WHAT NEEDS TO BE DONE:
From the records below, please print only the lines from the one containing "Wyświetlacz HD inteligentny" through the one containing "19TH CENTURY CHINESE", both included. Skip the pictures.

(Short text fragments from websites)
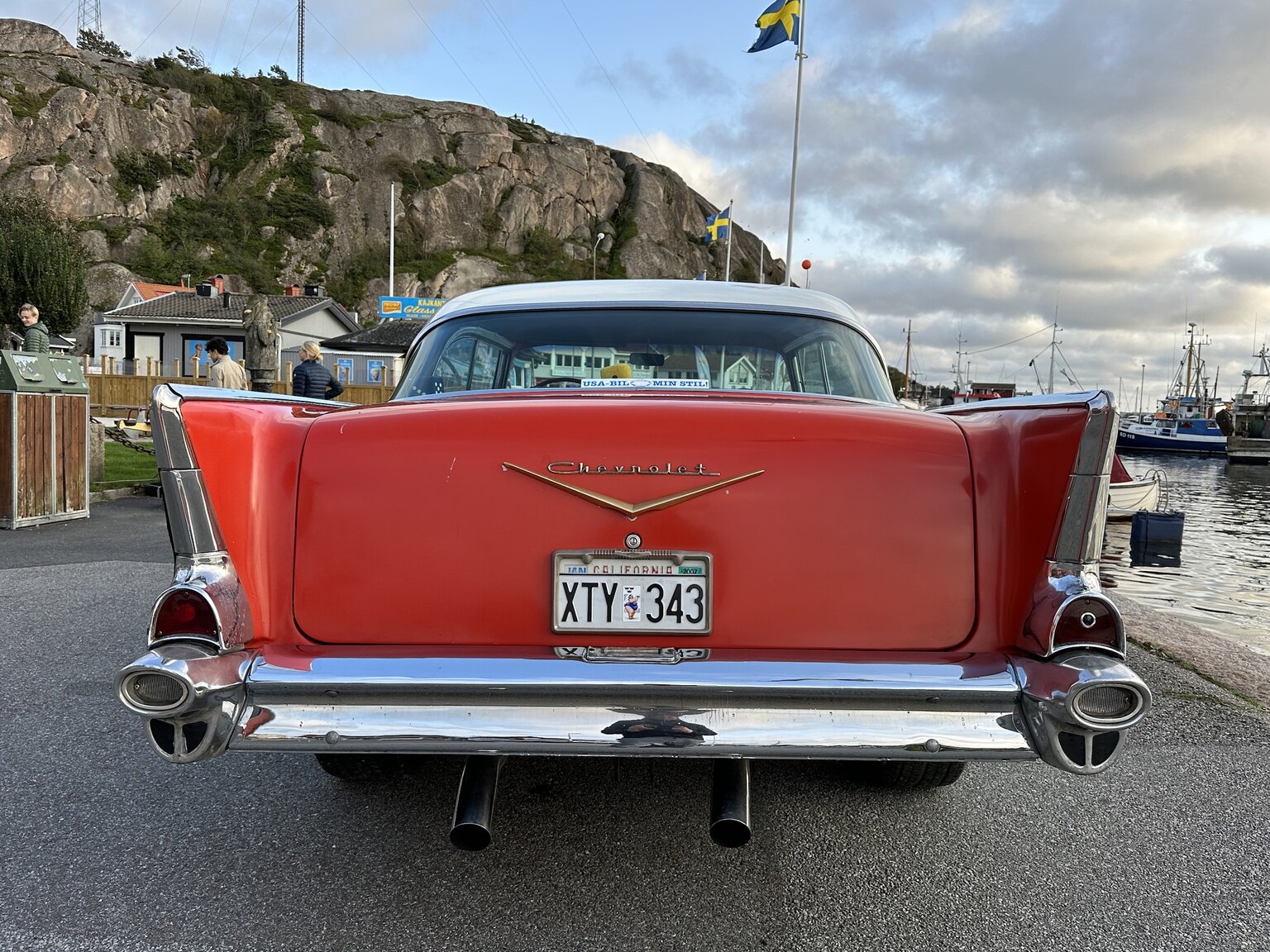 Exteriörbild på 1957 Chevrolet Bel Air (12)
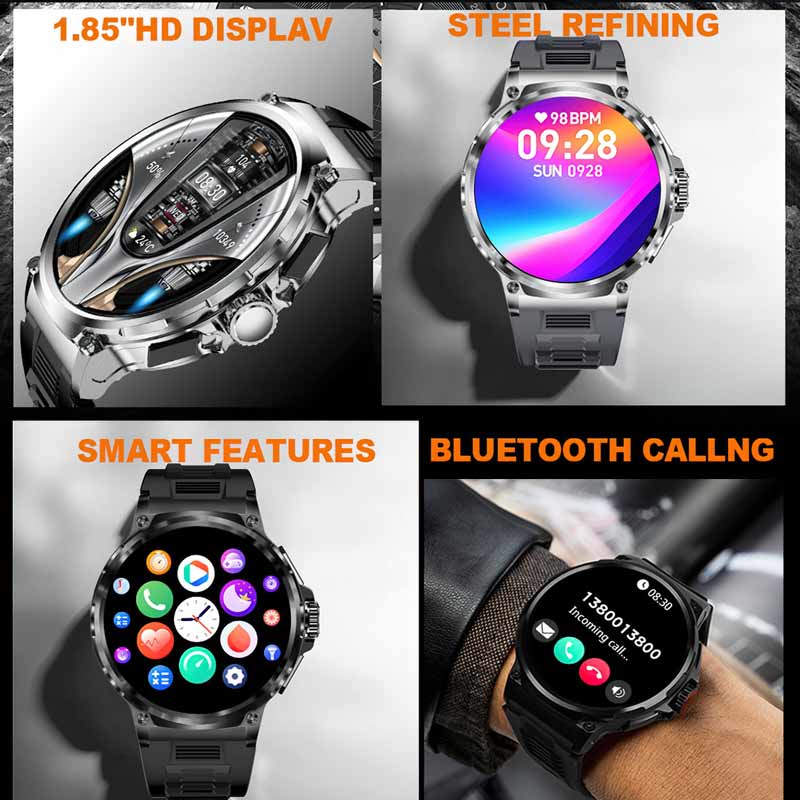 Wyświetlacz HD inteligentny ze – Smartwatch Faces recenzja i cena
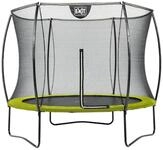 EXIT Silhouette Trampolin mit Sicherheitsnetz-&Oslash; 244 cm-gr&uuml;n
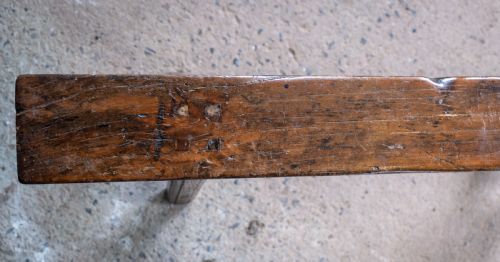 19TH CENTURY CHINESE ELM BENCH - ADDITIONAL PHOTO 4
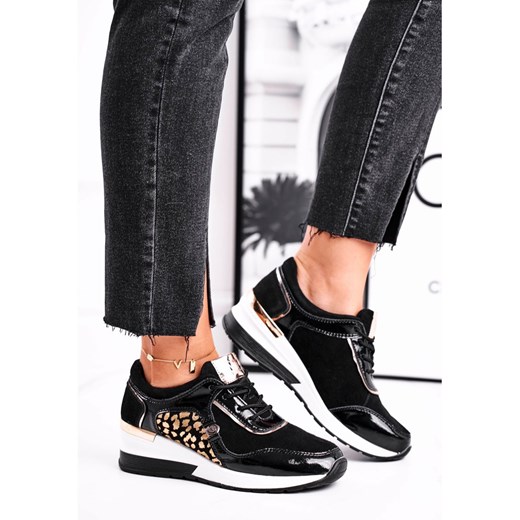 Buty sportowe damskie Vinceza sneakersy skórzane na płaskiej podeszwie klasyczne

RESPONSE TO THE EXERCISE:
 Wyświetlacz HD inteligentny ze – Smartwatch Faces recenzja i cena
 EXIT Silhouette Trampolin mit Sicherheitsnetz-&Oslash; 244 cm-gr&uuml;n
 19TH CENTURY CHINESE ELM BENCH - ADDITIONAL PHOTO 4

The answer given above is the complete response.